Chapter III. Administration of the company.

Article 13. The company is governed and administered by a Board of Directors consisting of a minimum of eleven members and a maximum of twenty one, shareholders or otherwise, appointed and ratified by the General Shareholders’ Meeting, and who will be subjected to the legally established duties and, in particular, to those referring to the diligent administration, loyalty, fidelity and secrecy in the terms regulated by the current legislation at each moment.

Article 14. The provisions of the Spanish Corporations’ Act shall be observed in electing Board Members.

Board Members shall occupy their positions during the period for which they were appointed of six years. They may be re-elected one or more times for periods of the same maximum length.

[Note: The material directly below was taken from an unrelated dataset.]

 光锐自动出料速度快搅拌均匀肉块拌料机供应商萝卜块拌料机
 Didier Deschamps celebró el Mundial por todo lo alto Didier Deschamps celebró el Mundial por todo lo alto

Should a vacancy arise for any reason, the Board may provisionally fill it from among the shareholders until the next General Shareholders’ Meeting, where a definitive appointment shall take place.

The appointment of the Board Members shall expire when the term has ended and the subsequent General Meeting has been held, or following the legal period within which the Meeting is to be held to resolve on whether to approve the financial statements for the previous year.

Article 15. The Board shall appoint, from among its members, a Chairman, and may also appoint one or two Vice-Chairmen, who shall maintain such functions until their termination, dismissal or resignation as Board Members, and they may always be re-elected.

A Secretary shall also be designated from among its members or from outside. If not a Board member, such Secretary would have the right to address the Board, but not to vote.

The Board, with the objective to guarantee the best management of the company will approve a set of Bylaws that will reflect the internal rules of the Board as well as its administration, in accordance with the law and the Bylaws. The General Shareholders´ Meeting will be notified of the existence of aforementioned Bylaws.

Article 16. The Board of Directors shall meet whenever the interests of the company so require, convened by the Chairman or by a Vice-Chairman, either on his own initiative or on the request of two or more Directors. Its meetings shall be held in the company’s registered offices or in any other place designated in the notice of meeting. For the Board Meeting to be valid, it must be attended, among those present and represented, by half of its members plus one. Directors who are absent or unable to personally attend a meeting may cause themselves to be represented there and cast their vote by special delegation to another Director.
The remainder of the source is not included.